Table 2 lists the thermoelectric properties of different Te composites synthesized in various forms. Remarkably, the PF of the as-prepared Ag-Te NWs/PEDOT:PSS composite, recorded at 260 μW/mK2, surpasses that of previously reported systems (Meng et al., 2019). Note that the configurations detailed in Table 2 are based on randomly arranged composites. In contrast to the materials listed in the table, the present study focuses on aligned configurations, allowing the mor precise control of the properties of the synthesized materials. This result not only underscores the higher electrical conductivity of the as-prepared composite than that of other Te variants but also highlights the potential contribution of our synthesized materials toward further advances in thermoelectric technology.

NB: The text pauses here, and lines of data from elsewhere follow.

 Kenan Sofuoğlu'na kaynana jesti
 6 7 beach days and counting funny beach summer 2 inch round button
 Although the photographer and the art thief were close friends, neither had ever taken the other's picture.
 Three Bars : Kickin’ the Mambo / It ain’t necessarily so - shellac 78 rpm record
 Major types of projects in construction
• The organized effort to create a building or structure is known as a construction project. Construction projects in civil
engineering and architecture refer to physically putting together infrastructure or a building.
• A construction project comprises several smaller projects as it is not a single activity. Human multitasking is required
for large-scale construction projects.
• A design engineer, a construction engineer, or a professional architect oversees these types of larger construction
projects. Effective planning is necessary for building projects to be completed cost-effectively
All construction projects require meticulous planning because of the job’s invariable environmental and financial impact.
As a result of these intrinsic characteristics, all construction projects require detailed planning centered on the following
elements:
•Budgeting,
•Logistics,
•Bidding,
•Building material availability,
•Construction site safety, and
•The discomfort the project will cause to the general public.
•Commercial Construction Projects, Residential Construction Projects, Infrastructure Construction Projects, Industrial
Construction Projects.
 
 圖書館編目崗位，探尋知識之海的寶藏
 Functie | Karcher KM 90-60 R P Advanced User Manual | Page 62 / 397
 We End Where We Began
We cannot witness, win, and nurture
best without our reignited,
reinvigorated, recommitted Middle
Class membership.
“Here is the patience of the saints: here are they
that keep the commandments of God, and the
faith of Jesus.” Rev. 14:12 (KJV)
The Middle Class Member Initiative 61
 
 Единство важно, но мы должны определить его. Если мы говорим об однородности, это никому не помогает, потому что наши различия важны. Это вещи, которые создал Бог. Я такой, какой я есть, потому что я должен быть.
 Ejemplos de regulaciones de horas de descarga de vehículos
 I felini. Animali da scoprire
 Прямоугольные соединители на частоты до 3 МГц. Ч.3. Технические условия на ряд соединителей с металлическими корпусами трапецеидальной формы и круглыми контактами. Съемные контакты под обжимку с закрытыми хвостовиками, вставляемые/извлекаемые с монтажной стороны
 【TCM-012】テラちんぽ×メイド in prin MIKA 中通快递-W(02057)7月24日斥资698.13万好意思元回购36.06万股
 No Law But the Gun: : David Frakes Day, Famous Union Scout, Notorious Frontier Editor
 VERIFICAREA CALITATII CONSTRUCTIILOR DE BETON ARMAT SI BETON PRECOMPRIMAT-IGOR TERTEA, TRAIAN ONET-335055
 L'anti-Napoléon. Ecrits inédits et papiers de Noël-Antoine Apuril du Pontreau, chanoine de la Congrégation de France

In this study, an organic–inorganic composite thermoelectric material, Ag-Te NWs/PEDOT:PSS, was synthesized using aligned NWs. Through the topotactic reaction, high electrical conductivity was imparted to the composite by doping high-electrical-conductivity Ag to Te NWs, and a composite with the desired ratio was formed through a relatively simple experiment. In addition, a thermoelectric material with high PF was fabricated by increasing the electrical conductivity, which was achieved through the application of a conductive polymer to an inorganic material with a high Seebeck coefficient. Ag-Te NWs/PEDOT:PSS was doped to synthesize a composite with high thermoelectric performance because of the existence of high-energy carriers formed by the energy filtering effect. The optimized Ag-Te NWs/PEDOT:PSS composite exhibited an electrical conductivity of 463 S/cm, a Seebeck coefficient of 69.5 μV/K, and a PF of 260 μW/mK² at 300 K. This PF value was higher than that of Te NWs/PEDOT:PSS (70.9 μW/mK²) by a factor of 3.6 (Yee et al., 2013); this increase was attributed to the synergistic effect of the two components. The fabrication of hybrid thermoelectric materials using aligned NWs presents a significant advancement in energy conversion technology. With enhanced conductivity and Seebeck coefficient, these materials hold promise for applications in waste heat recovery systems, portable electronics, and automotive exhaust systems, offering efficient conversion of heat to electricity. This research paves the way for more sustainable energy solutions by improving the performance of thermoelectric devices, contributing to the mitigation of climate change and the transition toward greener energy sources.